The vulnerability is not easily exploitable. Only the attackers with the ability to compromise a Signal server or monitor data passing between Signal users (Man-in-the-Middle attack) would be able to append pseudorandom data to the legitimate attachment.

The flaw is due to an integer overflow bug, which is triggered only if an extremely large file, at least 4 gigabytes in size, is attached to a Signal message. But, what does it mean?

Actually, as a part of standard encryption schemes, encrypted messaging services make use of Message Authentication Code (MAC) to authenticate a message — in other words, to confirm that the message came from the sender has not been changed in transit.

However, in the case of attachments, Signal does not verify the authenticity of the entire file; instead it just checks a small portion of it, making it possible for hackers to attach pseudorandom data to the legitimate attachment that wouldn’t be detected by the MAC.

For a successful attack, an attacker could make use of Signal’s file compression feature to reduce the size of his malicious attachment to a manageable 4 megabytes.

While talking to Ars Technica, Aumasson said he found the integer overflow bug in the following line of code:

int remainingData = (int) file.length() – mac.getMacLength();

  • The value ‘file.length()’ is a number encoded on 64 bits (of type ‘long’).
  • The receiving variable ‘remainingData’ is a number encoded on 32 bits (of type ‘int’).

“Therefore, when ‘file.length()’ is longer than what fits in a 32-bit number, the value of ‘remainingData’ (the number of bytes left to process) will be incorrect, as it will be much smaller than the real size of the file,” Aumasson explained. “Consequently, a large part of the file will be ignored when Signal will verify the cryptographic authenticity. Signal will only check the (small) beginning of the file, whereas the user will actually receive the much larger file.”

Although Signal uses end-to-end encryption to encrypt the messages on the sender’s device and decrypt it only on the receiver’s end, the encrypted messages still pass through a server, allowing attackers to carry out the message authentication bypass attack by hacking or impersonating as a server and then tampering with legitimate message attachments.

While the attack is trivial to carry out, it is not too difficult for state-sponsored attackers to impersonate as a trusted certificate authority (CA) or trick victims into installing a rogue certificate on their devices and, thereby, successfully circumvent transport-layer security (TLS) protections.

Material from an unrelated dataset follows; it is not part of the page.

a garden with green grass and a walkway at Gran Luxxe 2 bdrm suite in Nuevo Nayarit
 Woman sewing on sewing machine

Moreover, Since Signal has been used by a large number of security professionals and privacy advocates, the app has always been on the priority list of nation-state actors. Although, it seems like they are not likely to exploit this kind of flaw.

“This was a really great bug report, but we consider its impact to be low severity at this time. It does not allow an attacker who has compromised the server to read or modify attachments, only to append a *minimum* of 4GB of unpredictable random data to the end of an attachment in transmit,” Moxie Marlinspike, Founder of Open Whisper System said.

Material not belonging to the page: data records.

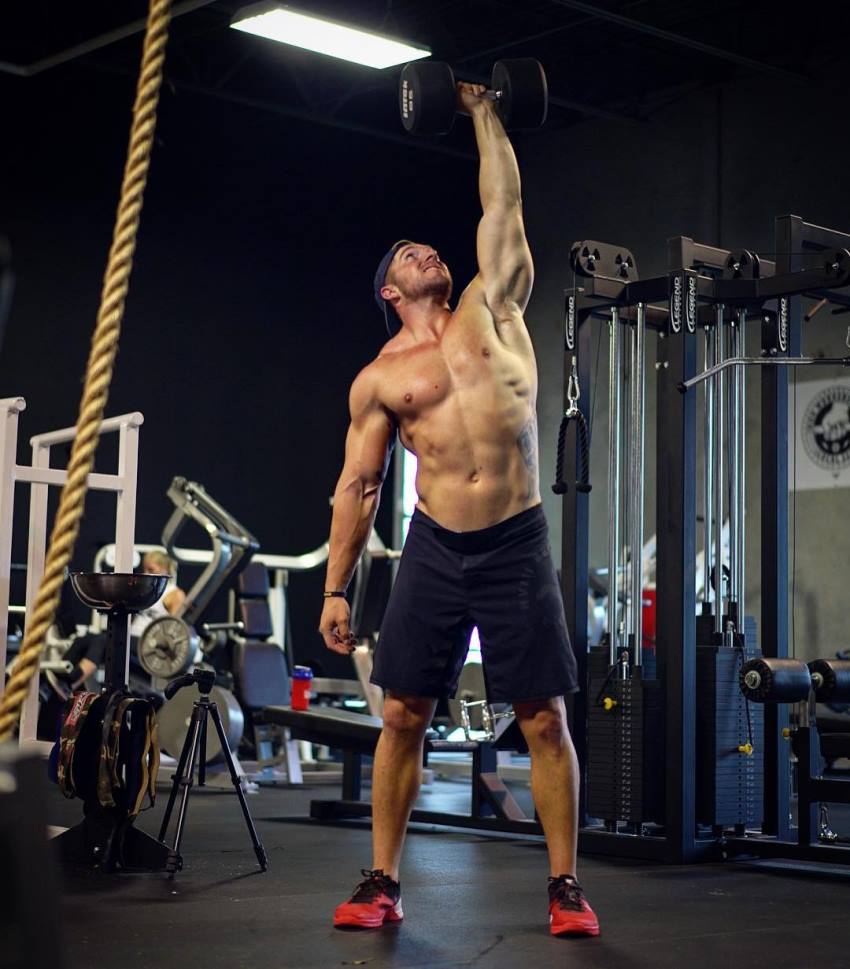 Nick Bare doing kettlebell training in a gym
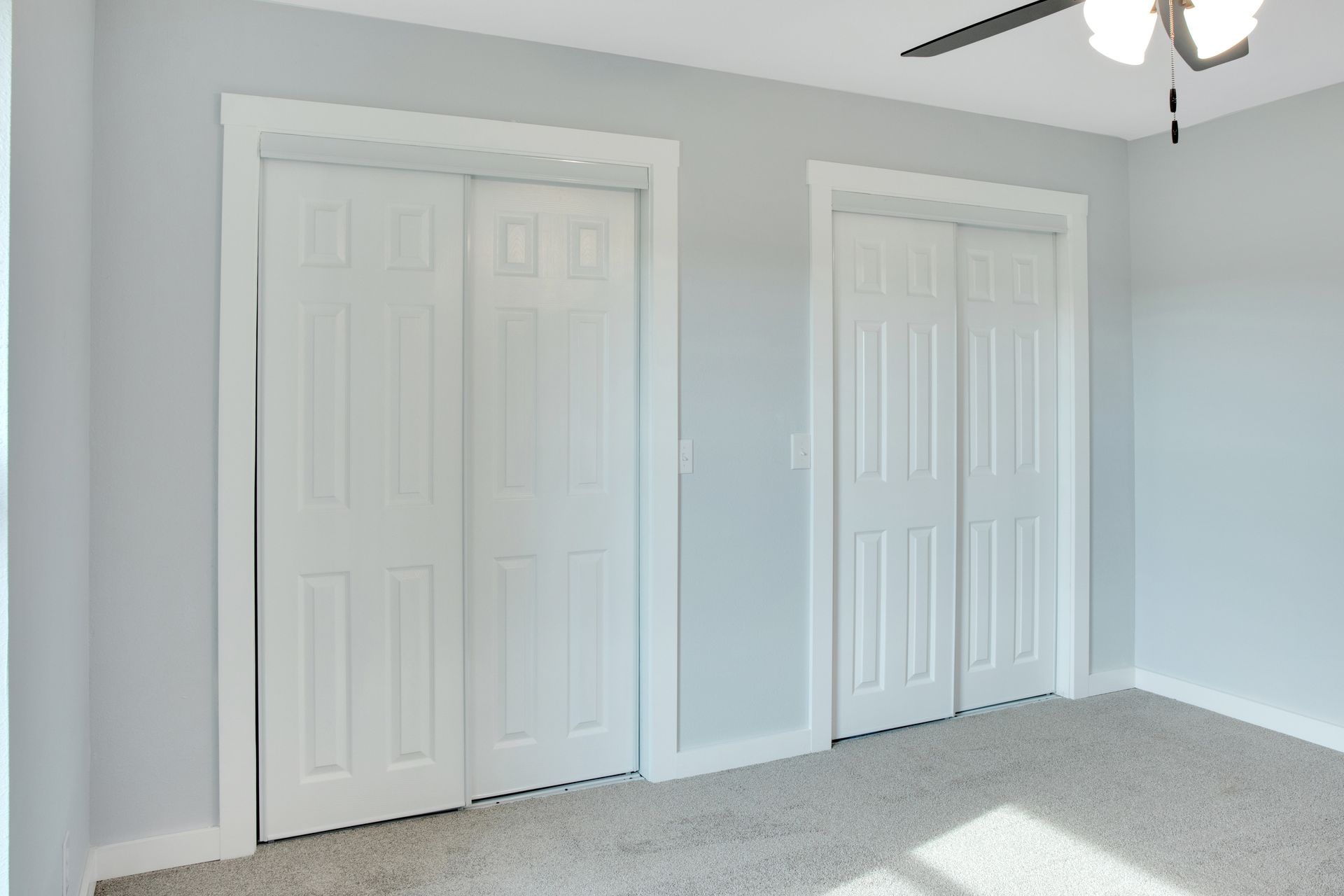 Two white, six-panel sliding closet doors set into a light gray wall above carpeted flooring.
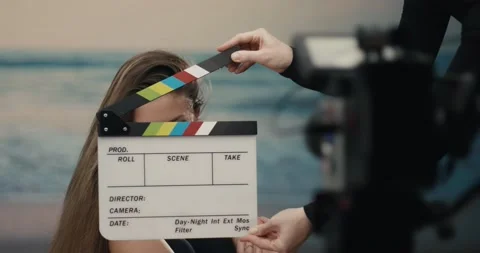 Clapperboard hit on film set in studio by directress with an actress Stock Footage 155302924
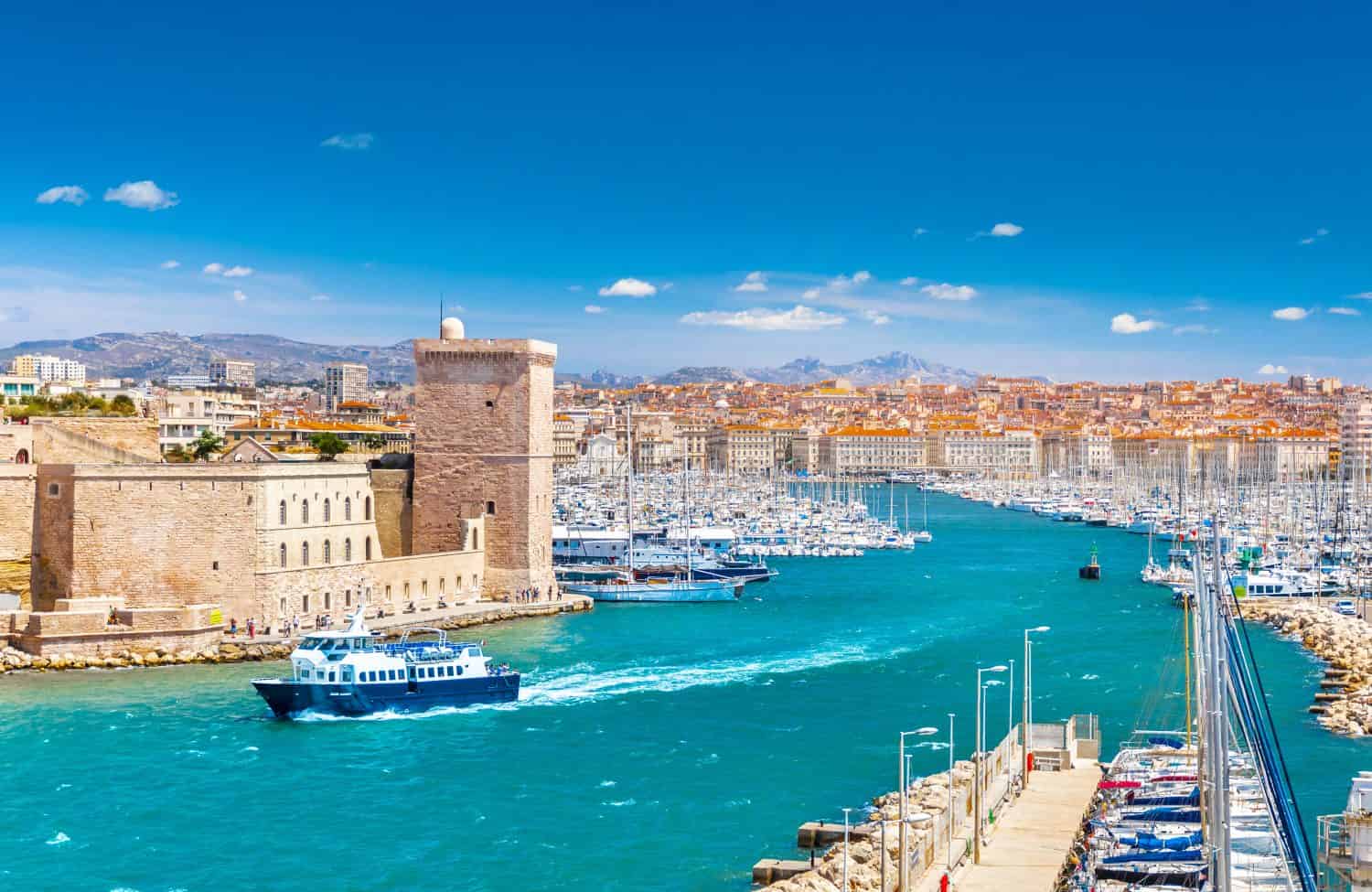 Aerial panoramic view of Marseille Old Port with yachts and boats and the city, mountains in the background. Marseille, Provence, France. Holidays in France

“While that causes a denial of service, effectively corrupting a file in an unpredictable way and making it too large to open on any Android device, an attacker that has compromised the server could more easily deny service just by blocking your request for the attachment.”

The second flaw discovered by the researchers could allow attackers to remotely execute malicious code on the victim’s device, while the third one makes it possible for attackers to just carry a simple remote crash.

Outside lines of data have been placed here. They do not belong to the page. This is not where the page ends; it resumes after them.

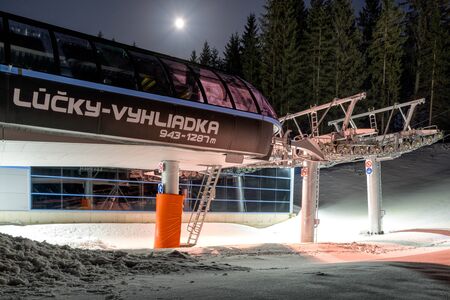 DEMANOVSKA DOLINA, SLOVAKIA - FEBRUARY 8: Empty ski lift chair at night in ski resort Jasna on February 8, 2020 in Demanovska Dolinaのeditorial素材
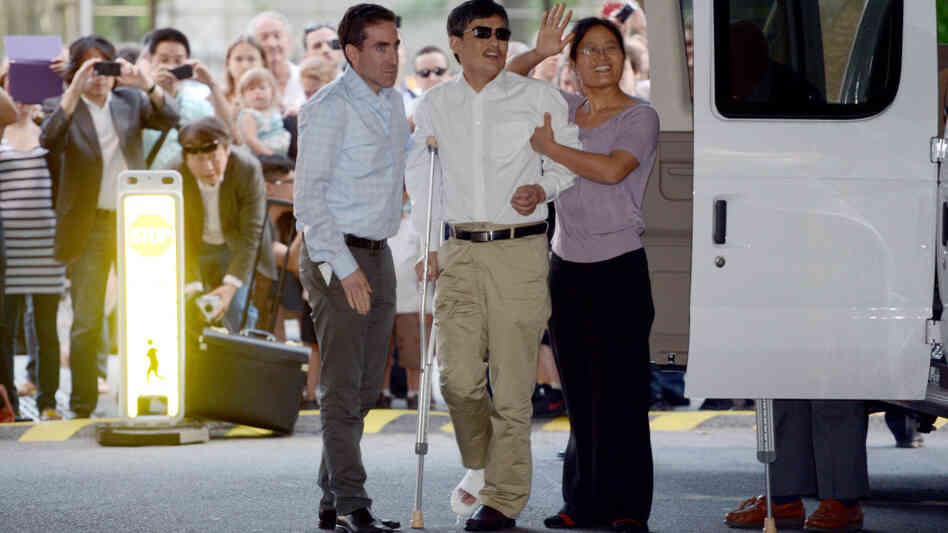 Chinese legal activist Chen Guangcheng, center, arrives at Washington Square Village on the campus of New York University on Saturday in New York. Chen escaped from his village in April and was given sanctuary inside the U.S.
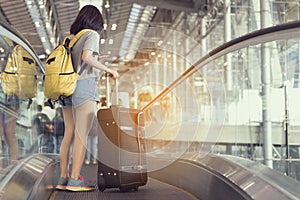 Young girl asian traveler holding phone with carrying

The researchers privately disclosed all the vulnerabilities to Open Whisper System on September 13, and the company has already issued an update on Github, though it still has to appear on Play Store.

“The results are not catastrophic, but show that, like any piece of software, Signal is not perfect,” Aumasson said. “Signal drew the attention of many security researchers, and it’s impressive that no vulnerability was ever published until today. This pleads in favor of Signal, and we’ll keep trusting it.”